Dr. Huerta is active in promoting teaching and learning. He served as President of the Political Science Education Section of the APSA (2009-2011) and as Founding President of the Learning Communities Association (2016-2017). He was awarded the 2019 “Outstanding Learning Communities Advocate” by the National Learning Communities Conference and Learning Communities Association.
Huerta's degrees are in political science with the BA from Texas A&M University, and MA and PhD from the University of Houston.

 

Statement of views: As a Vice President of the APSA, my overriding goal is guiding the association, in an inclusive manner, as we strengthen our discipline. The foundation is an undergraduate major that helps all our students find success in a wide variety of careers and post-graduate study. With a robust major we can foster an inclusive recruitment process to identify the next generation of graduate students. I will work with the association on graduate education as we inclusively prepare future PhDs to work in the wide range of institutions. A final goal is inclusive professional development for professors in teaching and research.

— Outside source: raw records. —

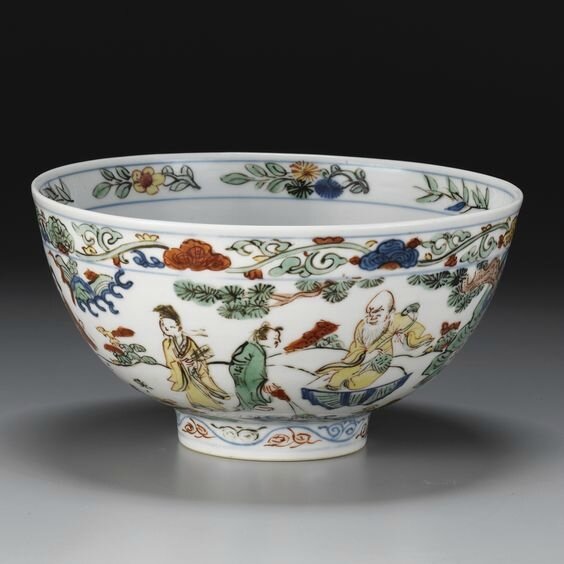 A fine 'wucai' 'Immortals' bowl, Wanli Mark And Period(1573-1620)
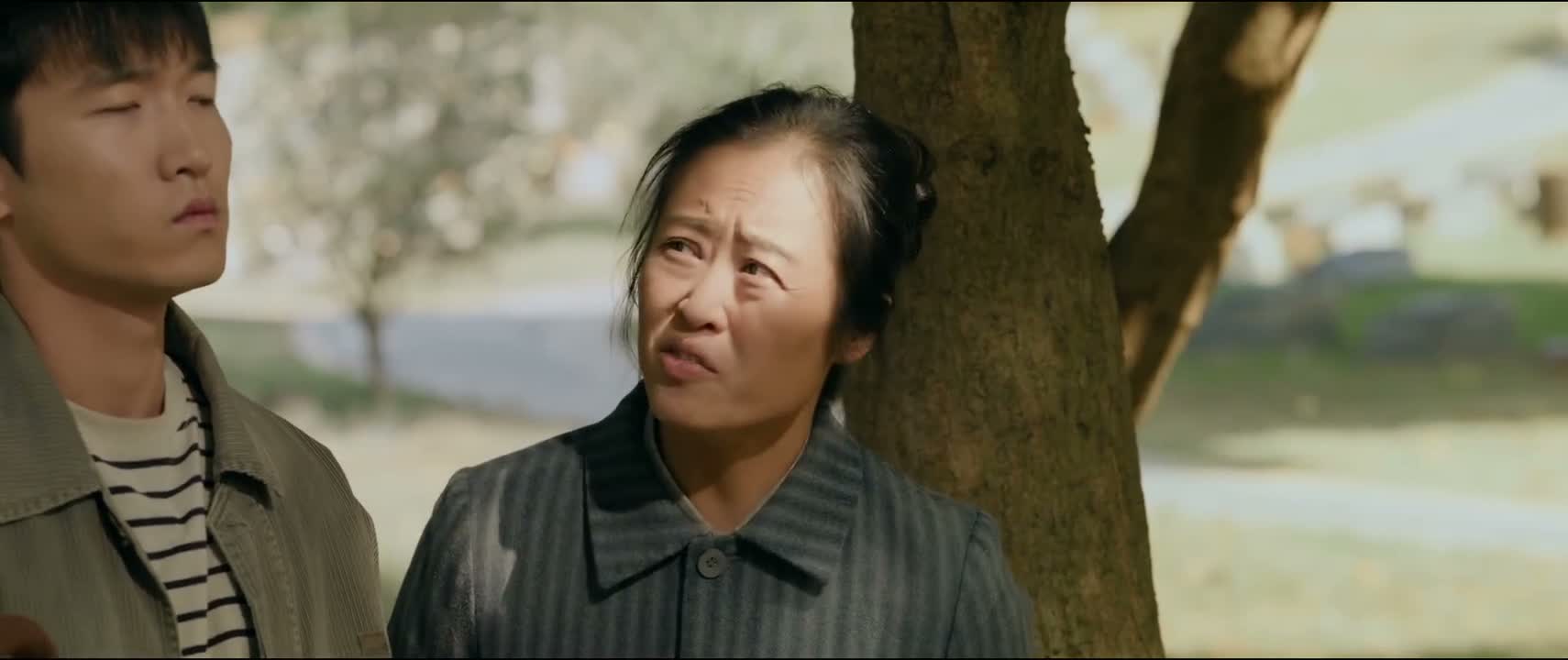 那上坟不都得 大家一起吗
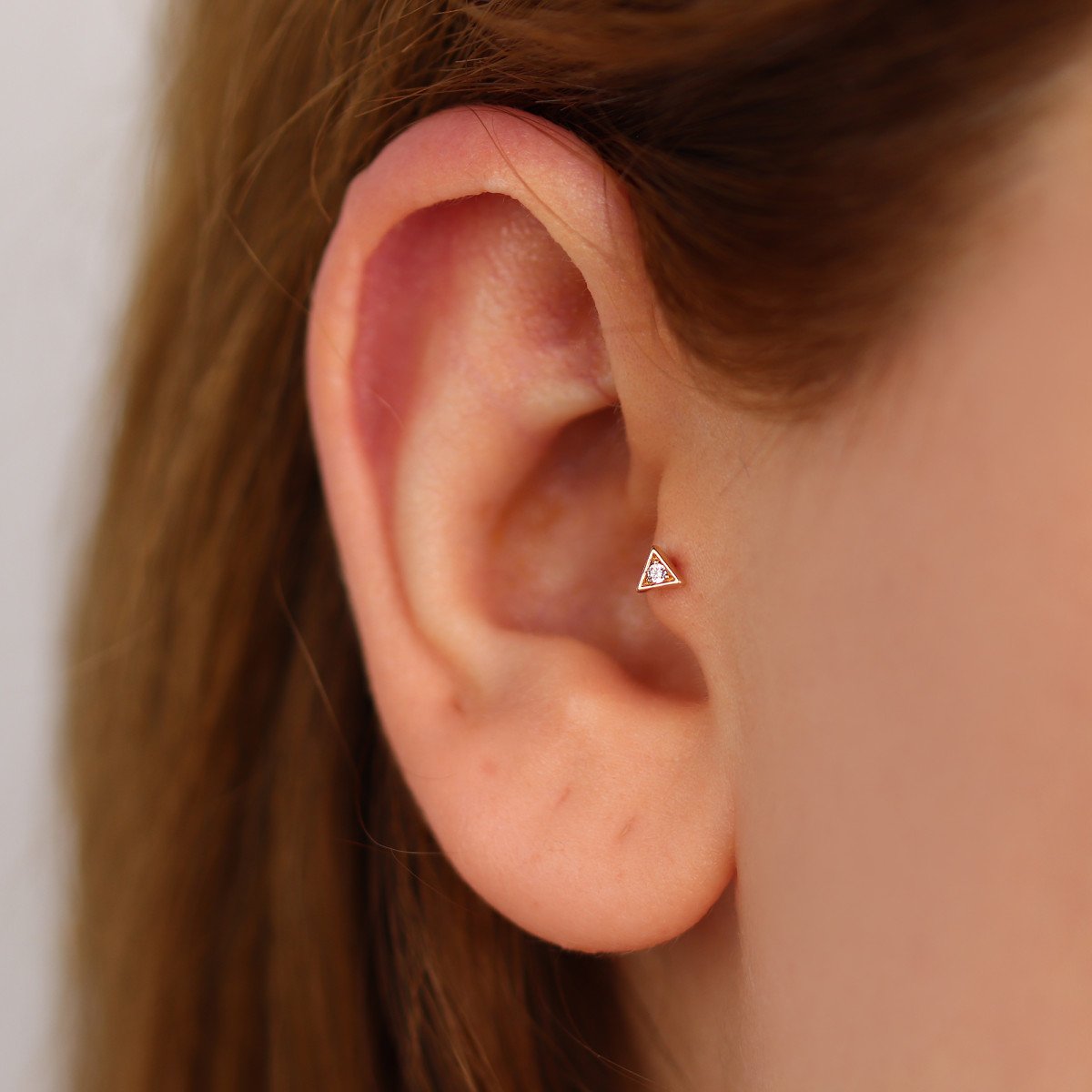Taşlı Üçgen Piercing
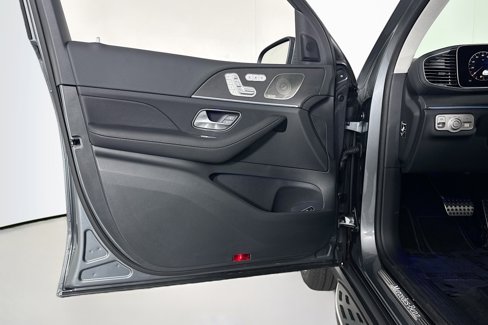New 2026 Mercedes-Benz GLS 450 4MATIC image 21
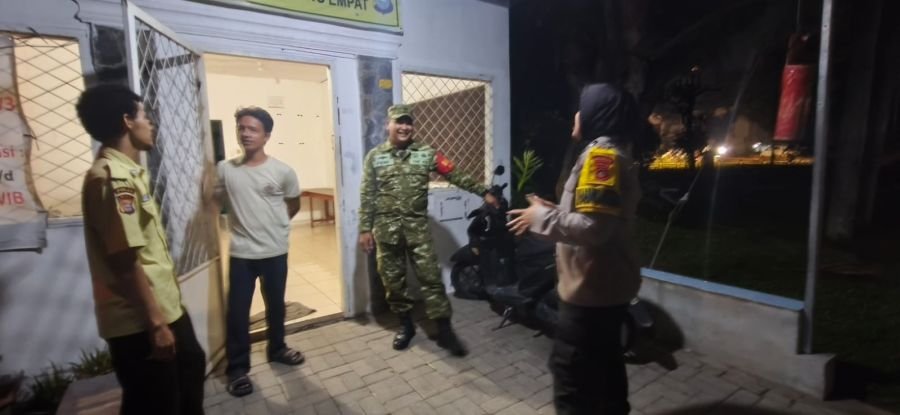 Babinsa Koramil 02/Kota Bersama Bhabinkamtibmas Sambangi Pos Kamling Saat Patroli Malam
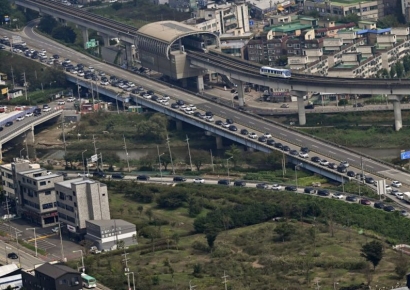 귀성 16일 오전·귀경 18일 오후…추석 연휴 운전 피하세요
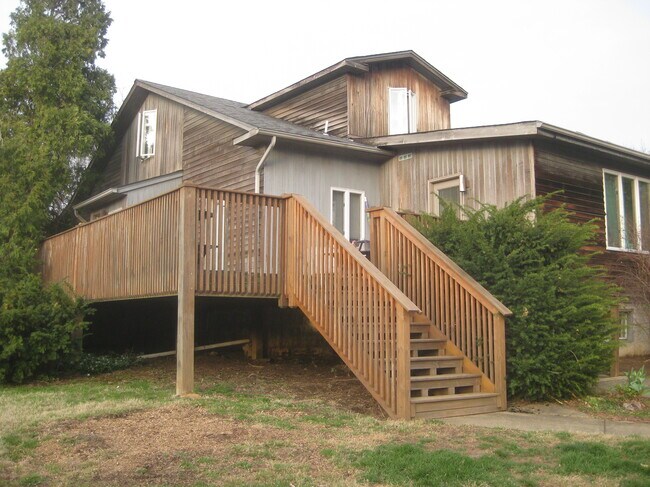 Primary Photo - 300 Inman Terrace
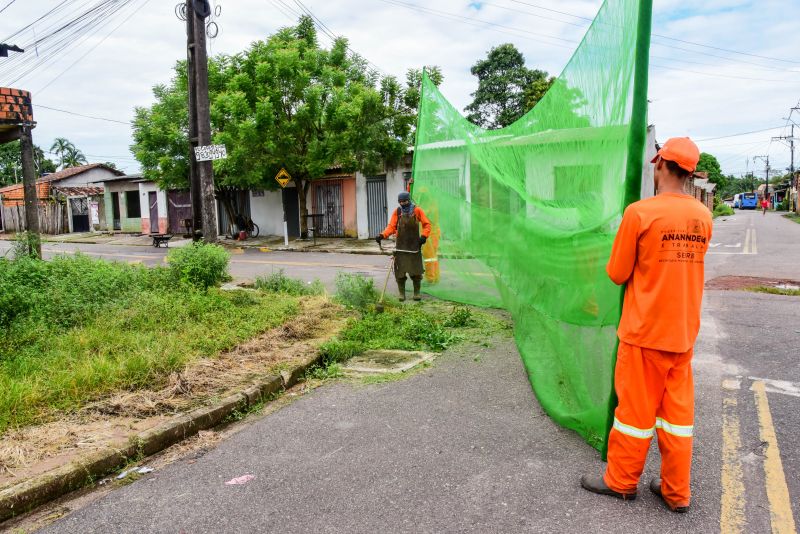 Programa Prefeitura Em Movimento, Imagens de roçagem e limpeza da rua Antonio Concelheiro na comunidade Marighella no Aurá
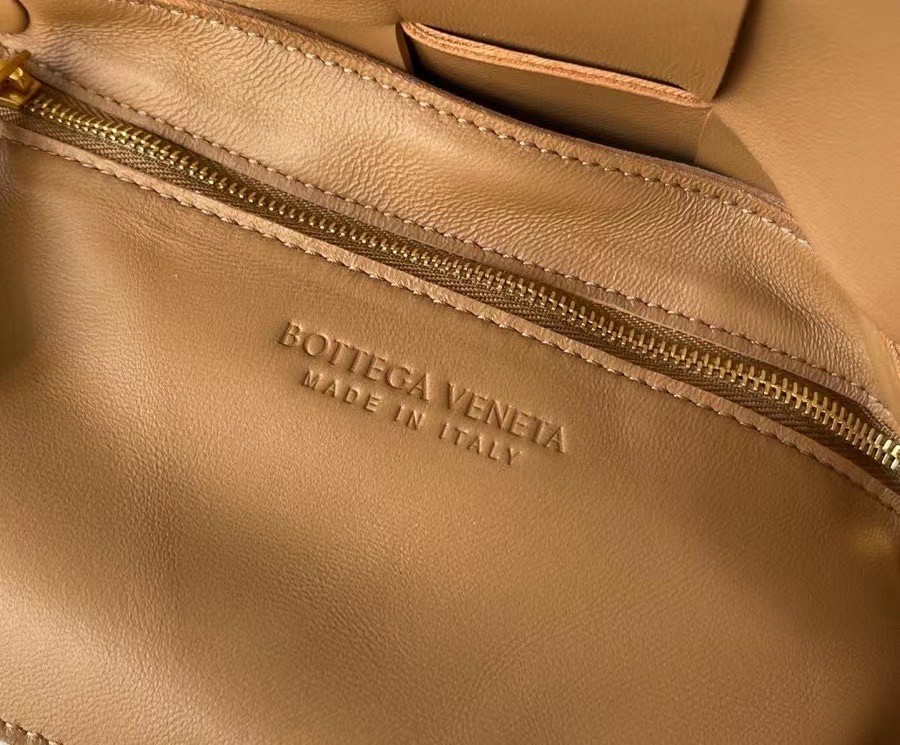 bo*te*ga Ve*ne*ta cassett bag in caramel intrecciato lambskin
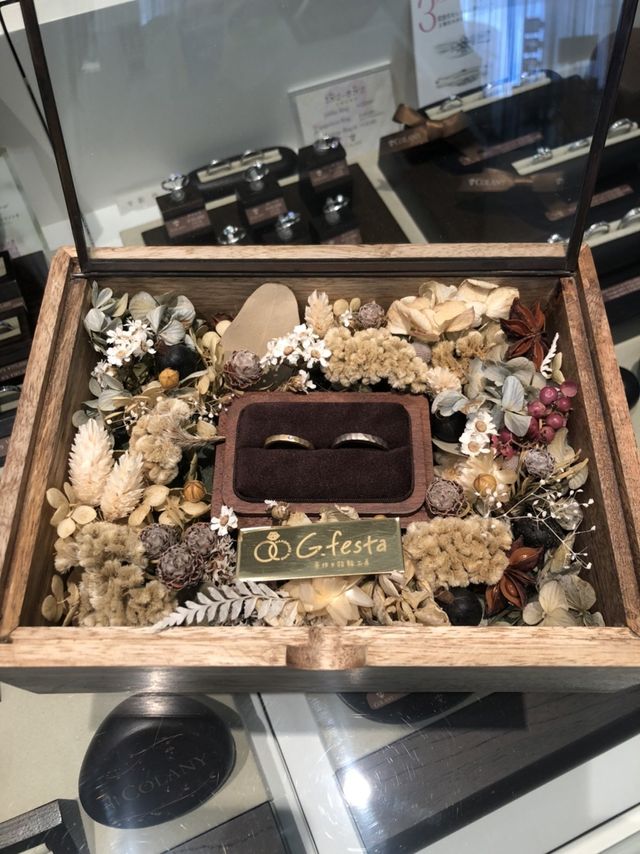 私と彼でお互いの指輪を作り合いました。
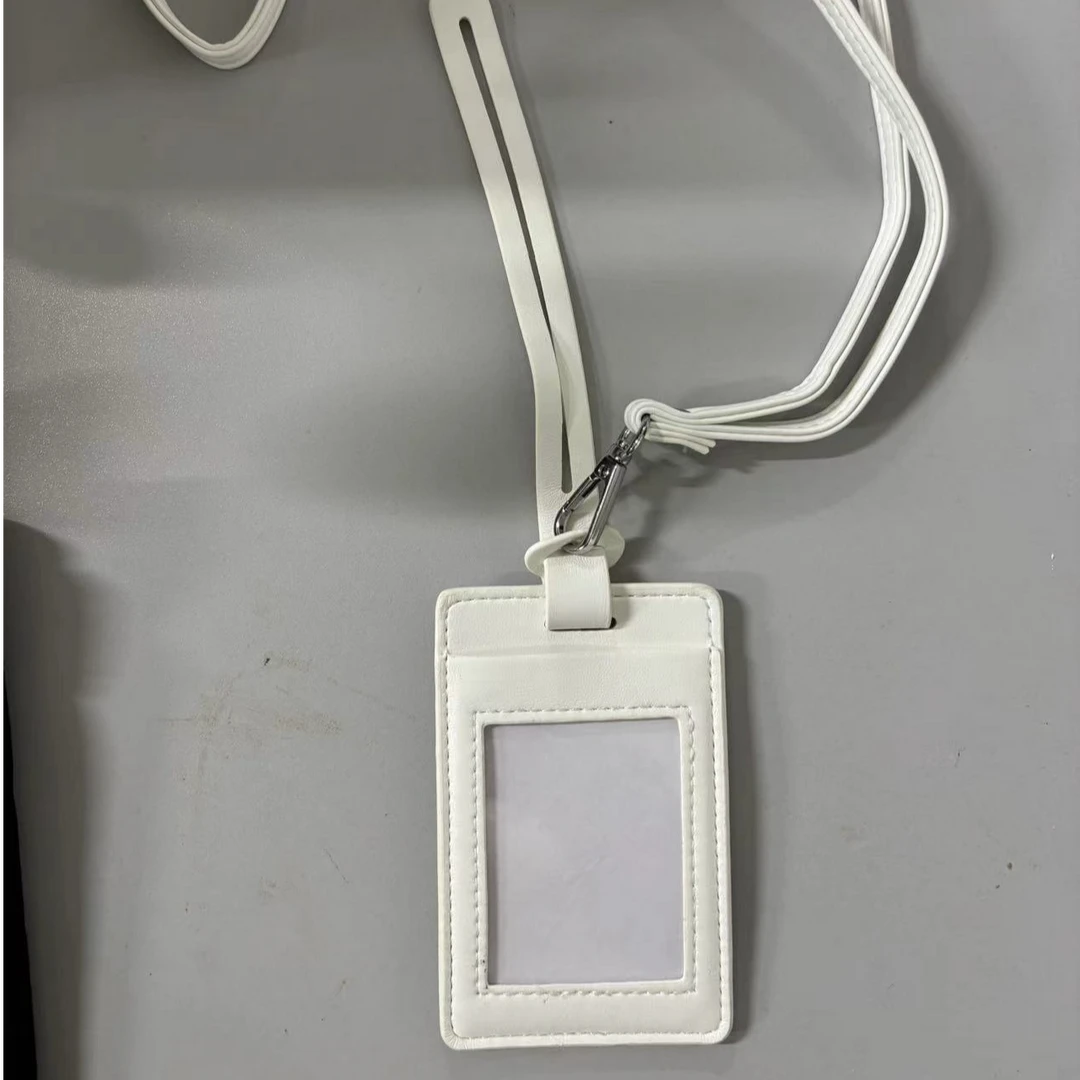 小马啊~白色卡包行李牌包包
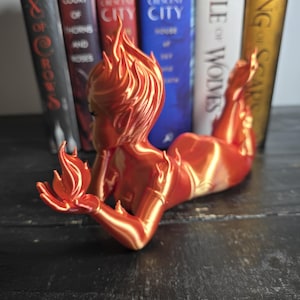 Lehabah Fire Sprite Figurine – Book Stand & Decor | Crescent City–Inspired 3D Print Bild 6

During my time on Council (2012-14) I worked towards these goals by advocating for the establishment of the Committee on the Status of Community Colleges in the Profession. Furthermore, I worked to give a voice to underrepresented faculty, including faculty of color and faculty who work at institutions primarily focused on undergraduate education. A major emphasis of my academic career has been directed towards promoting teaching and learning in higher education – especially for underrepresented students and students of color. Political science has so much to offer and I want to work to help us reach new heights.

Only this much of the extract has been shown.